Work request: After locating "top - 567036-BK-GW-NM" in the listing below, copy that line and each one after it exactly, ending with the line that has "北京市一级建造师报名时间,看报名入口状态".

The records:
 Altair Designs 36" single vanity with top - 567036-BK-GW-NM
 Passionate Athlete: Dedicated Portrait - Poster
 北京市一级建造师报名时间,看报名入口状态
--
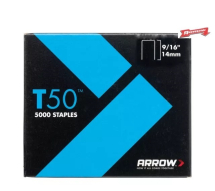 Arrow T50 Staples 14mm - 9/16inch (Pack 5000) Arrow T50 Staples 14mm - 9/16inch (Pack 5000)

Response to the task:
 Altair Designs 36" single vanity with top - 567036-BK-GW-NM
 Passionate Athlete: Dedicated Portrait - Poster
 北京市一级建造师报名时间,看报名入口状态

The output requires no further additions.